(Ce billet fait partie d'une suite de billets : Introduction, deuxième partie, troisième partie, quatrième partie).

Attention. Dans cette partie, je vais aborder un sujet épineux, pour ne pas dire trollifère, si vous me pardonnez ce néologisme. Je prie mes lecteurs d'éviter les réactions à chaud dans les commentaires. Je réfléchis ici à voix haute, et ne prétends en aucune façon prêcher une approche idéale.

Certains, dans la communauté du Libre, prétendent que le logiciel Libre est éthiquement un progrès, dans la mesure où il repose sur le partage du savoir, sans limitation. La GPL, dont je parle plus haut, précise qu'il n'est possible de distribuer une version modifiée d'un logiciel sous GPL qu'accompagnée de son code source[1]. Autrement dit, il est impossible, suivant la GPL, de prendre un code Libre et de le rendre propriétaire.

Bref, la GPL, par construction, favorise la diffusion du code source (et donc du savoir informatique qui s'y trouve), ce qui est un principe qui me convient a priori parfaitement. Si je contribue, à titre personnel, à Wikipedia, à Wikimedia Commons, à Mozilla, à la sauvegarde du Web (par la diffusion d'un navigateur Libre, par la promotion des standards), si mes photos sont sous licence Creative Commons c'est bien parce que je suis intimement persuadé que l'éducation, le partage du savoir, c'est essentiel pour que l'humanité aille dans le bon sens.

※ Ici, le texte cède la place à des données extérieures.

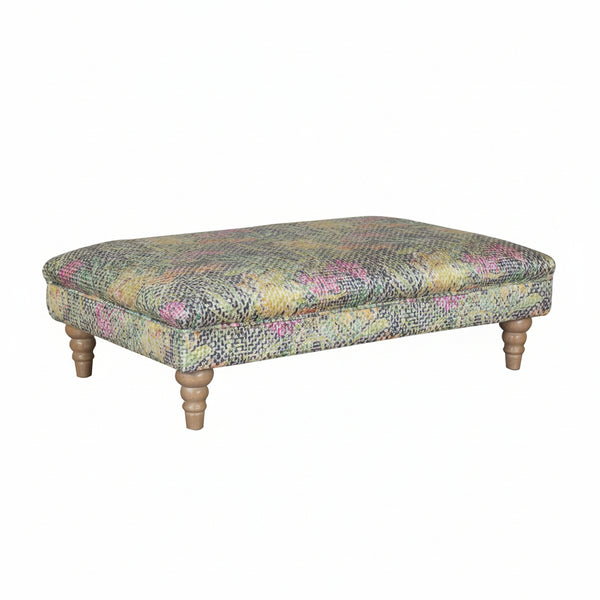 Patterned ottoman with wooden legs on a white background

Cela dit, déclarer tout de go que le logiciel propriétaire, c'est mal, et le logiciel Libre, c'est bien, il y a là un pas que je ne saurais franchir. Car cette belle magnifique idée du partage universel du savoir et du code source n'existe pas dans le vide. Elle existe dans le système économique qui est le nôtre, le capitalisme. Et le capitalisme repose sur un principe essentiel : ce qui est rare est cher. Le capitalisme, et j'espère qu'on me pardonnera cette simplification, ça consiste à donner envie aux consommateurs de quelque chose qui est rare, puis à leur vendre.

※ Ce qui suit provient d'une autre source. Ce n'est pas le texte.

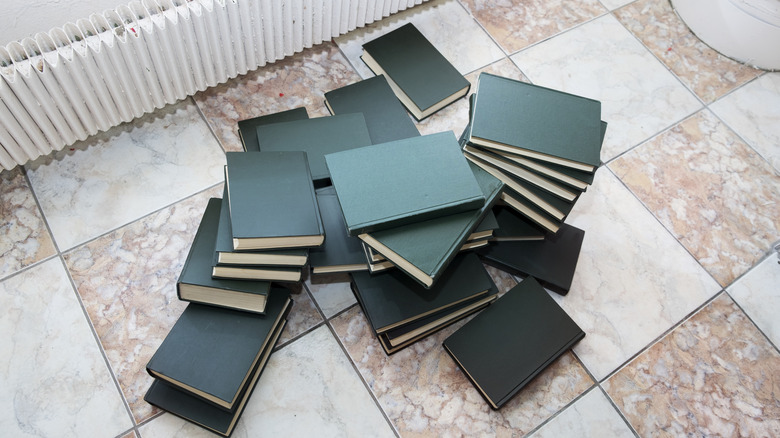 A pile of books on the floor
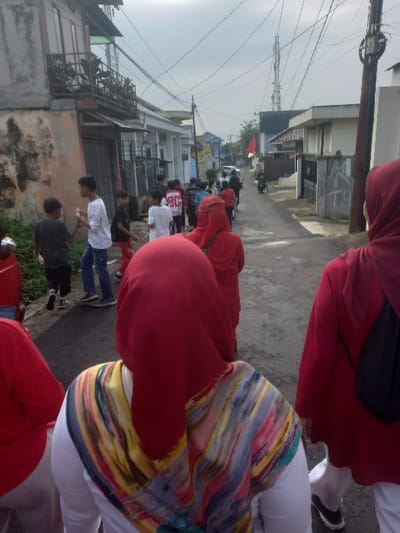 The image displays an outdoor scene on a paved asphalt street in Bojongherang, Indonesia, under an overcast sky. A procession of approximately 15-20 individuals is moving away from the camera, along the street.
In the immediate foreground, three individuals are partially visible from behind. The leftmost figure wears a red top and white lower garment. The central figure, closest to the camera, wears a white top with a multi-colored patterned hijab/scarf overlayed by a red hijab. The rightmost figure wears a red top, red hijab, and a black backpack.
Ahead of these foreground individuals, a line of approximately 10-15 people, predominantly younger males, walks in the same direction. One youth wears a white t-shirt with the number "90" on the back. Another youth on the left side of the line is seen holding a white bottle or object.
The street is flanked by buildings. On the left, an older, two-story building with a weathered, light-colored facade and a small metal-railed balcony on the second floor is visible, with green vegetation at its base. On the right, newer-looking, light-colored residential buildings with fences and gates line the street.
Numerous overhead utility wires are visible against the sky. Multiple utility poles are present, and a tall cellular communication tower is prominent in the distant background. A red and white Indonesian flag is displayed on a pole further down the street on the right. In the distance, a person on a scooter and a parked white car are visible.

Petite digression : avec le temps, on voit bien qu'idéalement, il faut que ce qu'on vient de leur vendre devienne obsolète aussi rapidement que possible, de façon à pouvoir aussitôt vendre le produit remplaçant. C'est ainsi qu'on en arrive à faire des livres éphémères qui sont autant de coups marketing, que l'industrie du disque Top 50 consiste essentiellement à fourguer des bidules bientôt périmés sous cellophane à des adolescents abreuvés de pub, que ma voiture de 70.000 kilomètres parait fichtrement dépassée alors qu'elle n'en est qu'à la moitié de sa vie.

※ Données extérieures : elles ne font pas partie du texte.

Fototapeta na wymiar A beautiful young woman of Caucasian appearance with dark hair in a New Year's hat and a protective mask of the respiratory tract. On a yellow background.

Mais revenons à nos moutons, ou plutôt à nos modèles de développement de logiciels. Le modèle propriétaire a un gros avantage sur le modèle Libre, c'est qu'il évolue sur son propre terrain (si j'écrivais dans L'équipe au lieu du Standblog, je dirais qu'il joue à domicile, et je me demande même si le terrain n'est pas en pente, avec un fort vent favorable). Toute notre société est organisée, d'un point de vue économique mais aussi culturel, pour vendre du logiciel propriétaire, dans une logique marchande, avec des rapports de client à fournisseur, et c'est bien là le problème !

Si on se place dans une perspective à long terme, le logiciel Libre est probablement mieux pour l'humanité. Mais à court terme, le logiciel propriétaire est indéniablement plus facile à comprendre pour la majorité des gens, compte tenu de leur référentiel.

Cela ne veut pas dire qu'il faille abandonner le logiciel Libre, non. Car les projets comme Apache, Debian, Mozilla et Wikipedia (parmi bien d'autres) montrent qu'on a besoin du logiciel Libre[2].

En conclusion, je me garderais bien de trancher en faveur de l'un ou de l'autre. Par contre, si j'ai choisi mon camp, celui du Libre, c'est parce qu'il me paraît essentiel pour le long terme de préserver la possibilité de faire du logiciel Libre, il faut faire fructifier ces projets, pour pouvoir proposer une alternative au modèle du logiciel propriétaire, compte tenu de toutes ses limitations.

Notes

[1] j'ai mis à jour la phrase qui précède pour éliminer un contre-sens.

[2] On pourrait aussi étendre ce propos au contenu sous license Creative Commons, mais j'ai peur de m'égarer.